### About this exercise
The task calls for the line containing "2020 Jeep Compass - мініатюра 18" and all later lines, through the end of the entries below, to be set down exactly and without pictures.

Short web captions
- Opening Delimiter -
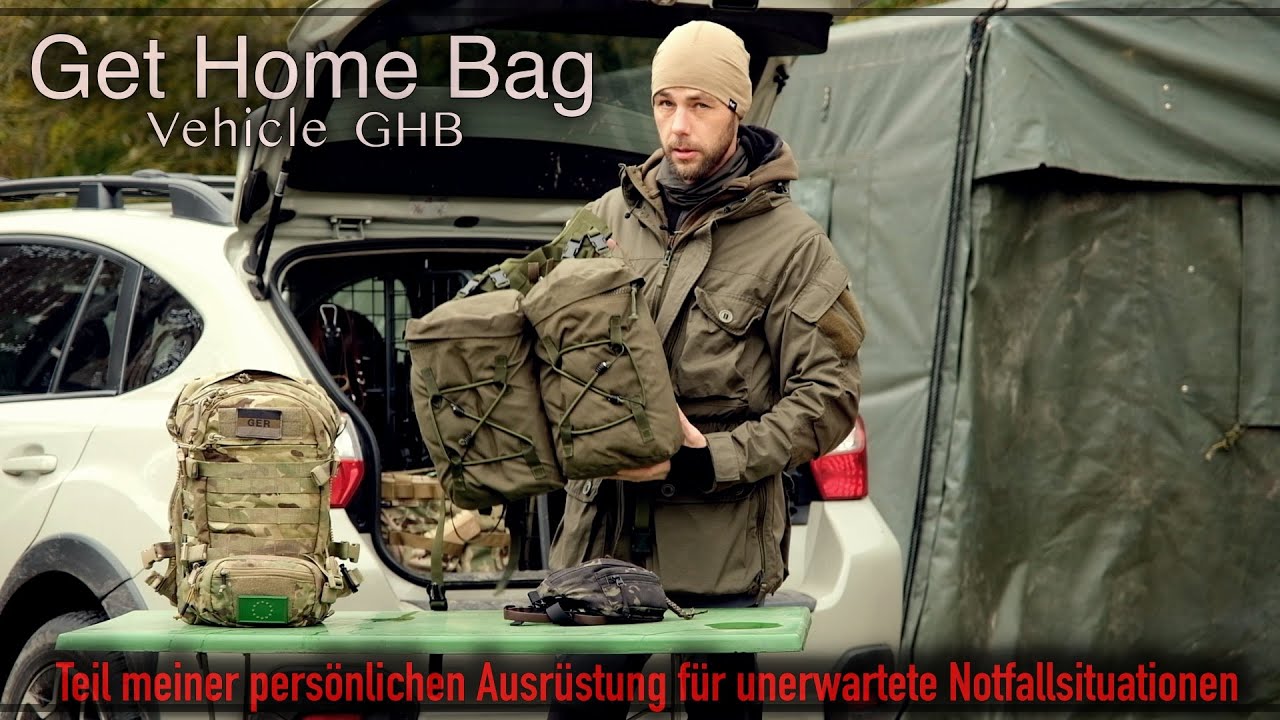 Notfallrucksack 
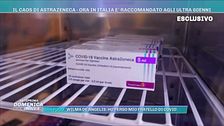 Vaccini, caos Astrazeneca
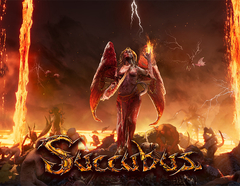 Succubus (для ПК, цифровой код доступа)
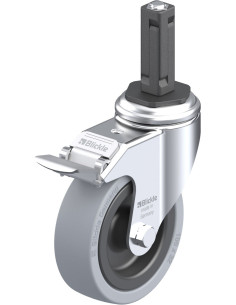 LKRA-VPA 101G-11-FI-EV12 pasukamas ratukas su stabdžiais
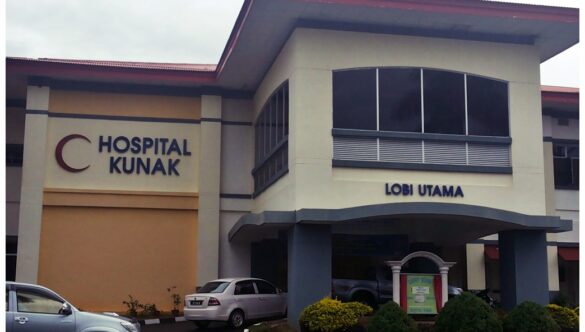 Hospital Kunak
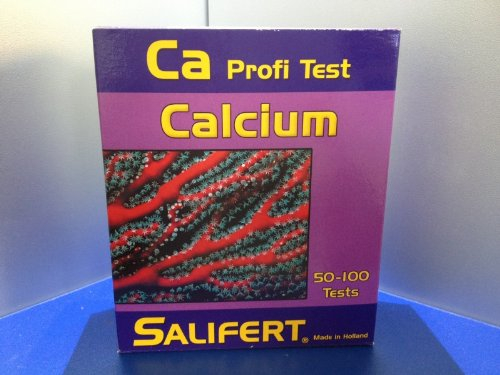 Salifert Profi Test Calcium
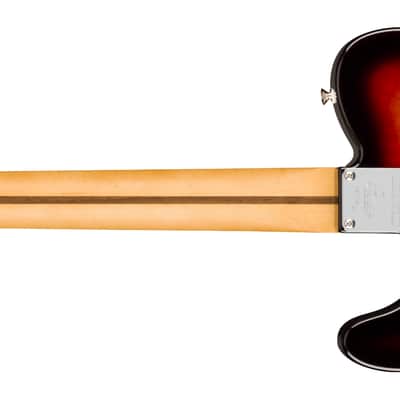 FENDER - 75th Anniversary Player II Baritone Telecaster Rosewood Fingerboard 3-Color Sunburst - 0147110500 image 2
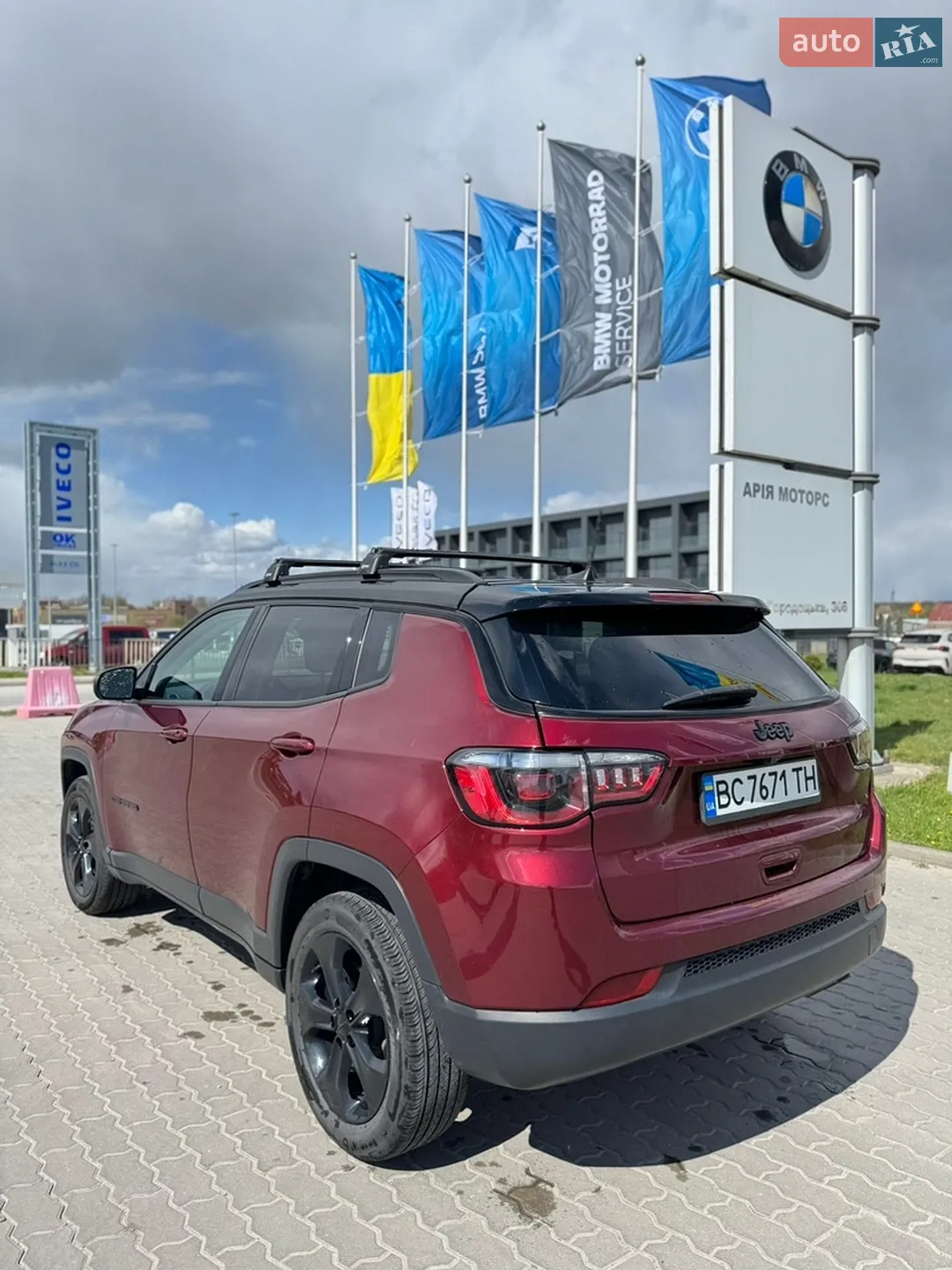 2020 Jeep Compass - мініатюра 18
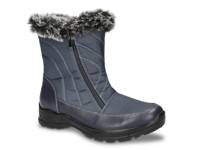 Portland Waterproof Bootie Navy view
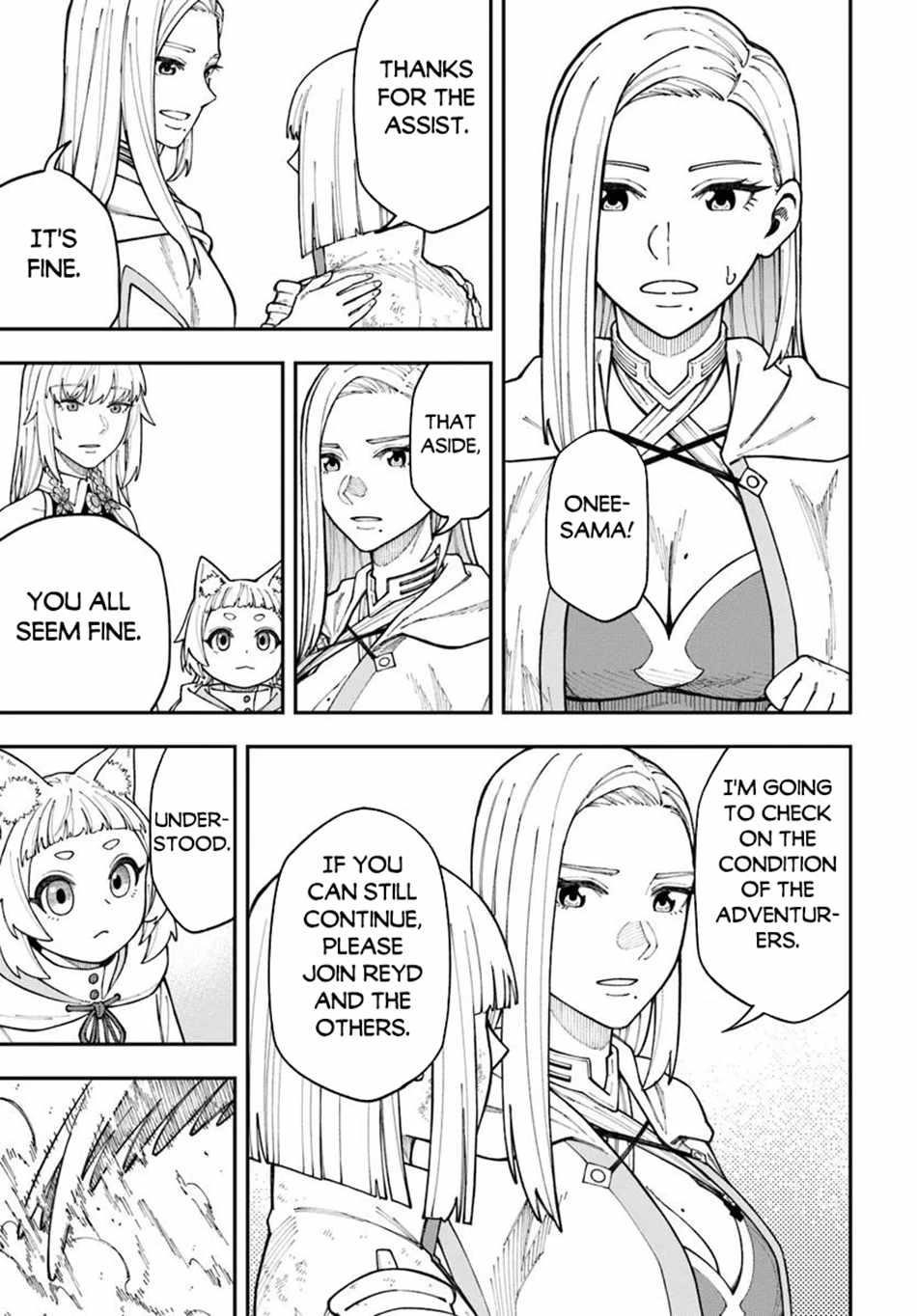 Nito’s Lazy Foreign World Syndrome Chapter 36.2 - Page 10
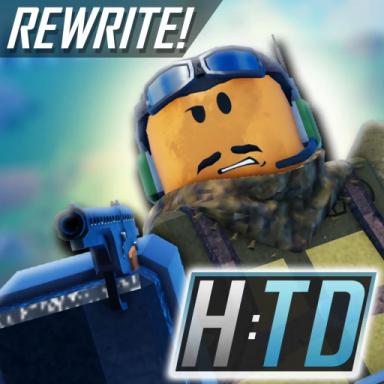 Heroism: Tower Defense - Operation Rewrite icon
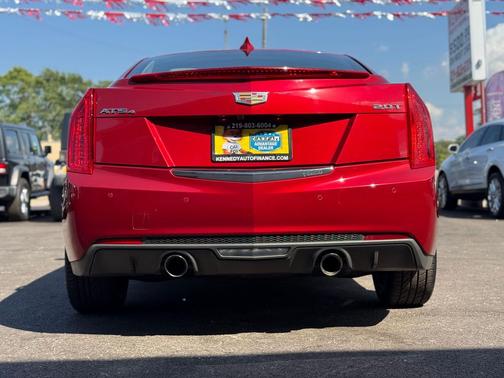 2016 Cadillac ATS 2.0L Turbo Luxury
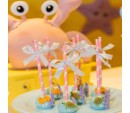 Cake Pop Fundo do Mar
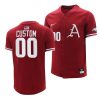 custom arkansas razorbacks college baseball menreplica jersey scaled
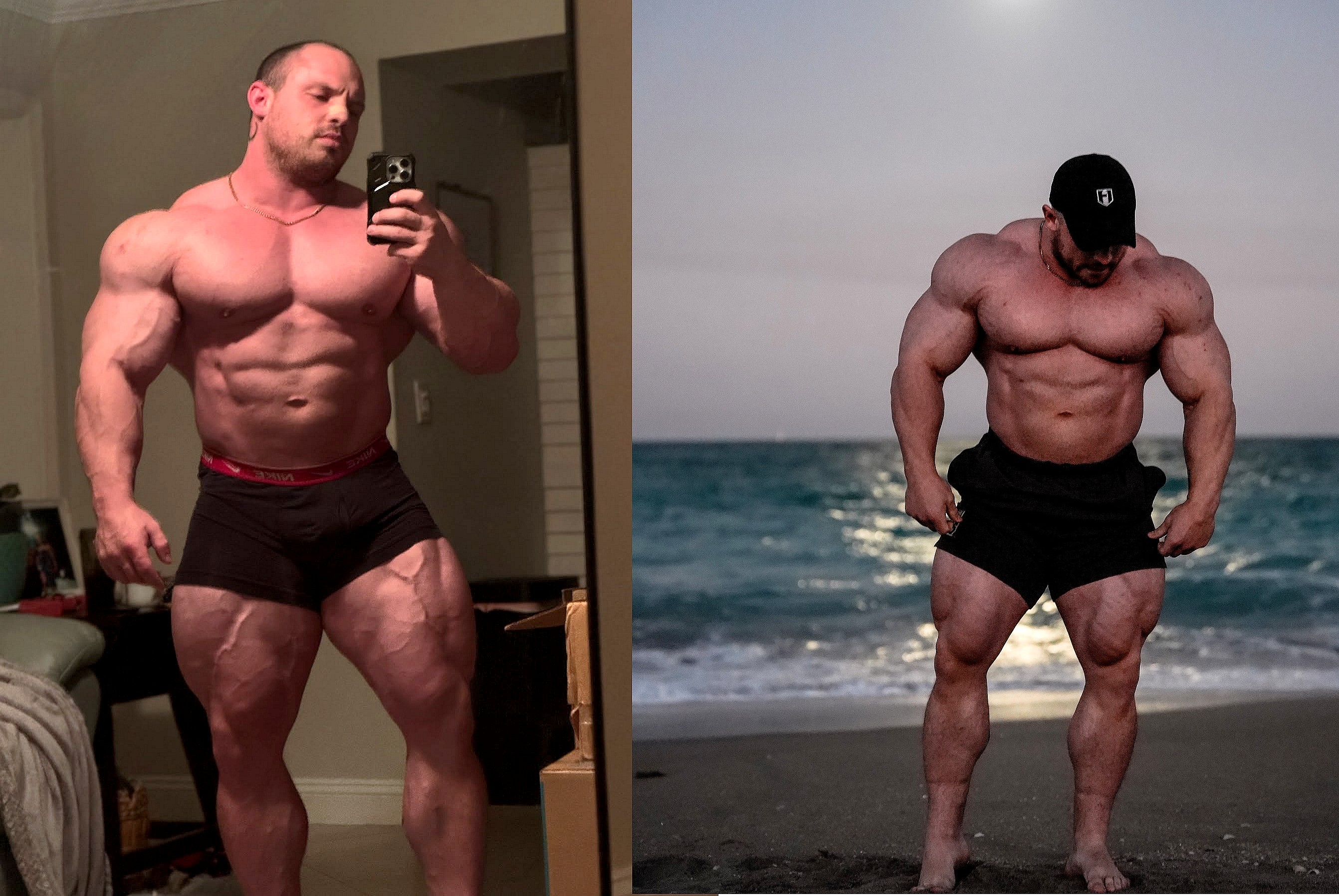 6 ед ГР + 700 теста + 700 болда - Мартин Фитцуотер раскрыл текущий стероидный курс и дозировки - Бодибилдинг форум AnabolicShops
- Closing Delimiter -
### Completed exercise
 2020 Jeep Compass - мініатюра 18
 Portland Waterproof Bootie Navy view
 Nito’s Lazy Foreign World Syndrome Chapter 36.2 - Page 10
 Heroism: Tower Defense - Operation Rewrite icon
 2016 Cadillac ATS 2.0L Turbo Luxury
 Cake Pop Fundo do Mar
 custom arkansas razorbacks college baseball menreplica jersey scaled
 6 ед ГР + 700 теста + 700 болда - Мартин Фитцуотер раскрыл текущий стероидный курс и дозировки - Бодибилдинг форум AnabolicShops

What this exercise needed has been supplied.